Sepsis’ heterogeneity has made it difficult for 
researchers to develop new treatments for this deadly disease. However, the 
novel assay Pediatric Sepsis Biomarker Risk Model, or PERSEVERE, could help 
physicians pick the right dosages and drugs for patients, according to Hector 
Wong, MD, director of critical care medicine at Cincinnati Children’s Hospital 
Medical Center and a chief architect of the assay.
Wong and his colleagues in 
their study had two major goals: to prospectively test the PERSEVERE-based 
prognostic enrichment tool and to test whether PERSEVERE biomarkers were 
conserved in experimental mice challenged with sepsis, Wong told. “While this is 
fundamentally interesting, it also opens up many possibilities for testing 
precision medicine concepts for sepsis in the preclinical setting,” Wong said of 
the animal model. 
PERSEVERE has been a work in progress for some time. Wong, 
who presented his developing biomarker test at the Annual Scientific Meeting, 
has since worked to refine the assay platform, narrowing the number of candidate 
biomarkers from 80 to five. Each of these biomarkers reflects sepsis biology: 
C-C chemokine ligand 3 (CCL3); interleukin 8 (IL8); heat shock protein 70 kDa 1B 
(HSPA1B); granzyme B (GZMB), and matrix metallopeptidase 8 (MMP8). From this 
panel, Wong’s team crafted a model that estimated 28-day mortality risk in 
pediatric patients with septic shock.
PERSEVERE II, the new and improved 
test, tested the blood samples of a diverse group of 461 pediatric patients aged 
1 to 18 years with severe sepsis. The patients had been admitted to intensive 
care units and were under care at Wong’s institution and others. Investigators 
determined that the five biomarkers reliably predicted the severity of infection 
and risk of death. “By demonstrating that PERSEVERE performed well during 
prospective testing, we are much more confident that it is a viable clinical 
tool for prognostic enrichment,” Wong said.
Adapting PERSEVERE II in mouse 
models, the same biomarkers were able to predict which mice were at high or low 
risk for infection. They also made an observation about treatment methods: High 
doses of antibiotics proved more effective than steroid drugs in improving 
survival. In both the human and mouse models, higher risk of sepsis were 
associated with a higher bacterial burden, suggesting that potent antibiotic 
doses could reduce death rates in patients with severe sepsis.
“This provides 
a rationale to conduct a clinical trial wherein high-risk patients are 
intensively monitored to optimize antibiotic dosing.

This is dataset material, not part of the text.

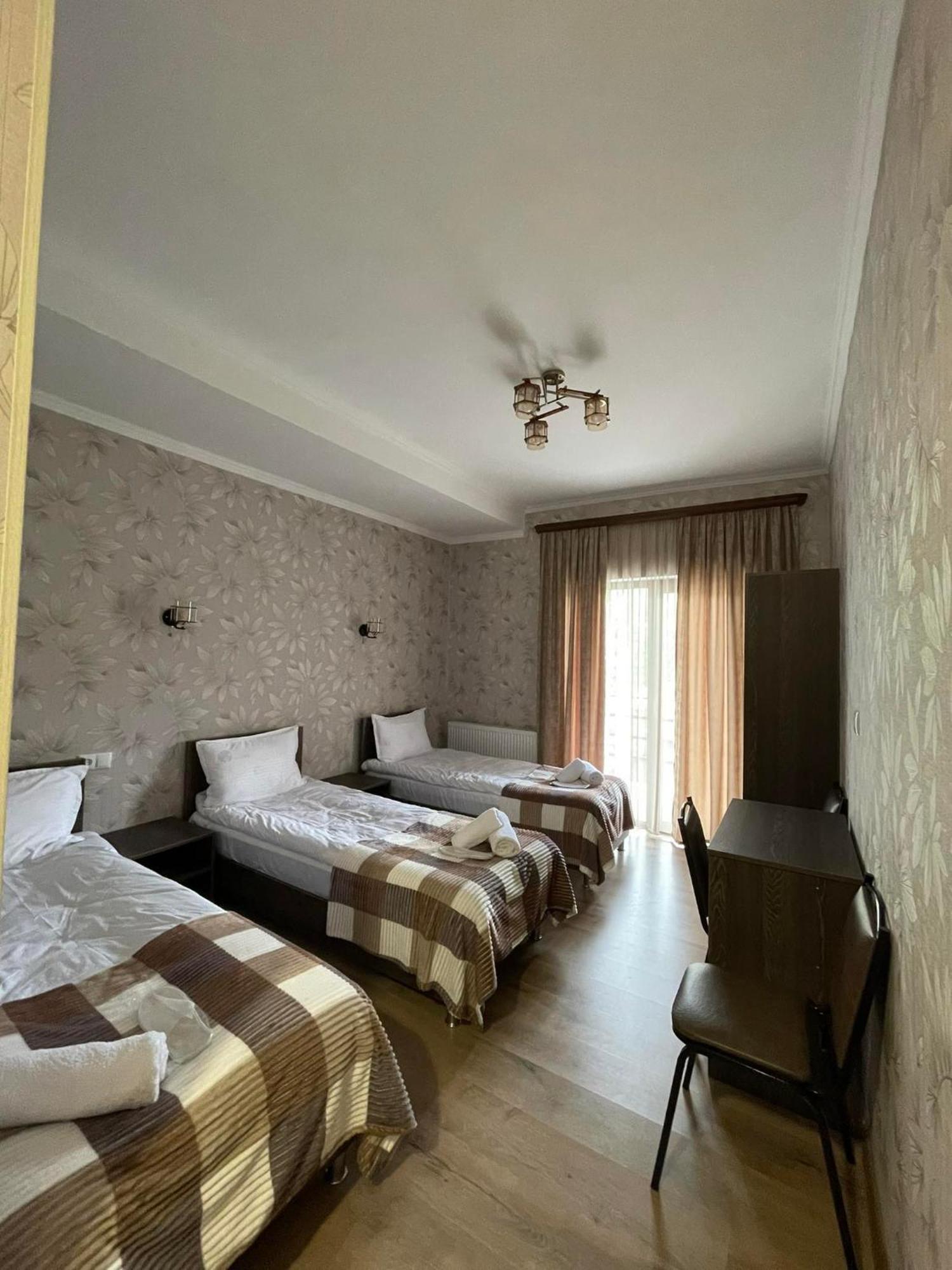 Hotel Shina Kazbegi Esterno foto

This could be targeting of 
higher levels of antibiotics in the bloodstream, and/or broader spectrum 
antibiotics,” Wong said. Specifically selecting high-risk patients would 
optimize the risk to benefit ratio of higher intensity antibiotics, he 
added.
Wong and his colleagues now are refining the assay. This work “opens 
up many experimental opportunities, including the ability to test whether the 
PERSEVERE biomarkers are also therapeutic targets. In this way, PERSEVERE can 
move beyond prognostic enrichment, toward predictive enrichment,” Wong 
said.
The platform is slated for a federally funded clinical trial to test 
corticosteroids as a sepsis treatment. To advance his work to the clinic, Wong 
is hoping for a collaborative relationship with a biotech industry partners. 
Through Innovation Ventures, Cincinnati Children’s technology commercialization 
group, his team has acquired patents for the assay platform. An adult version of 
PERSEVERE is also in the works.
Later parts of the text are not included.